Once a list of needful is established, designers should then take a broad, high-level approach at presenting those ideas and drilling down into greater detail with each subsequent iteration. For websites, this means building out a rough sketch (literally) of the home page and then revising that framework until all of the important elements are sussed out.

In the case of an eComm website, sketching out the placement of promotional elements, featured products, menu items, and calls-to-action is critical to understanding how users will flow through the site before a single piece of software is opened or a single line of HTML is written.  Later iterations of this initial work can then drill down into the site's interior pages to map out the checkout process or the ways in which the product selection process can be extended once a user is past the home page.

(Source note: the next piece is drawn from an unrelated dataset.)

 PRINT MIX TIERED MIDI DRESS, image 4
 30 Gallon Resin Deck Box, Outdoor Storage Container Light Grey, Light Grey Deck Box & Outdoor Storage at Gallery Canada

The Tools That Make This All Possible


The best and most effective tools to use in a one-on-one collaborative meeting are going to be a pencil and paper. Nothing is more flexible or adaptable at expressing an idea visually. Even if you can't draw, a pencil and paper still allows you to quickly produce a low-fidelity visual approximation of what you want to present. For all intents and purposes, your output during this process should be somewhat muddy, as the idea is to get as much feedback and information as possible until you feel comfortable with closing that loop. But when it comes to digital solutions, there aren't that many options that afford designers that same range of flexibility.

With web designers in particular, many have come to rely on the Adobe suite for all of their drafting and design work.  And while Adobe's software has become the defacto standard in the design industry for a reason, it's counter-intuitive to use offline, professional-grade software for a relatively simple task like rapid prototyping.

The closest middle-ground to the fast-paced pencil-and-paper method and the methodical digital method can be found at uxpin.com. Not only does it have numerous hot-swappable elements (GUI pieces, icons, templates, frames) to make drafting simple and fast, it also supports a wide-array of features that enable collaborative work across multiple users.  Most importantly of all, UXPin can translate paper sketches into fleshed out wireframes; allowing you to convert your offline drafts into online demos.

Final Thoughts


I've heard from a number of designers in the past that the idea of rapid prototyping is an attack on the primacy of the designer; stripping away creative freedom in the name of saving time and money.  But when done right, rapid prototyping can help bridge the gap between the client and the designer, by allowing the designer to inject clarity into the process through quick and simple iteration.

If the end-goal is to produce something that a client likes while minimizing the need for labor intensive re-workings and communication headaches, there's no reason why you shouldn't adopt rapid prototyping into your process.